I snap my head toward him, blinking hard, my hair whipping close enough to almost smack him in the face. “No. Do you hear how crazy that sounds?” He exhales through his nose, blowing the strands back at me.
“Why is it crazy?” he asks, his voice light, almost childlike, but the glint in his eyes gives him away. He’s not clueless. He’s baiting me.
“Because I have work there. My family is moving there. My friends are there. It’s not realistic.”
He shrugs, a small smile playing on his lips. “Okay.” His voice cracks, lids looking heavy. “Then what do you want?”
I pause, roll my eyes, and flop back onto my side, staring out his window. What comes out instead is softer, smaller: “Well I don’t want you to just never talk to me again.”
He wraps his arm around me, pulling me close until our legs are tangled. His hand finds my hip again, his thumb tracing slow, absentminded circles against my skin. “I said I’ll come visit you,” he whispers.
My heart is hammering like it wants to break through bone, and the words are right there. I love you. I open my mouth, taking in a big breath of air before I can speak. He catches me.
“What is it?”
“Nothing,” I whisper, my voice shaking slightly.
“Say it,” he murmurs through his teeth — his tone low, insistent.
I shake my head, swallowing hard. “No. It’s nothing.”
“You’re lying,” he says, his hand tightening on my side. “Just say it. I don’t even know what the hell correct thinking is anymore.”
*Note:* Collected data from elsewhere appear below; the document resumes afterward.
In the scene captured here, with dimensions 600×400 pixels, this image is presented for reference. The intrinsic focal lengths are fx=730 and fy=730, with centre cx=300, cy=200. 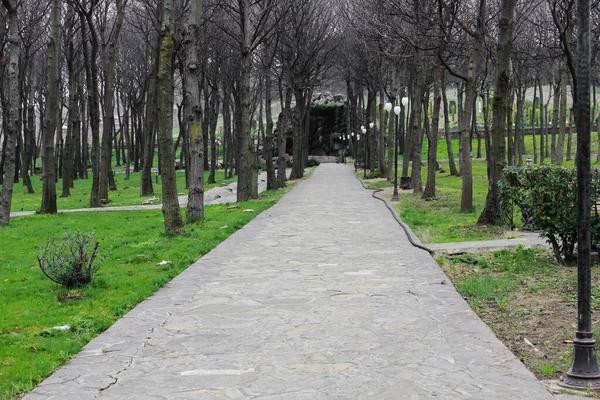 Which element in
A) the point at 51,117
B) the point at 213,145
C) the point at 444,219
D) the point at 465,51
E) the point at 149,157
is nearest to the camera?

That cracks me, just a little. It's like he’s admitting something raw, something real about himself. And for a second, it almost breaks the dam. But what if all I get in return is a soft thank you before he disappears? I can’t risk six years of knowing him ending up like that Love letter girl.
So I still smother it. “Never mind,” I say, squeezing my eyes shut, willing myself into sleep. “I’m not going to tell you.”
He exhales, frustrated. “You’re impossible, Bird Girl.”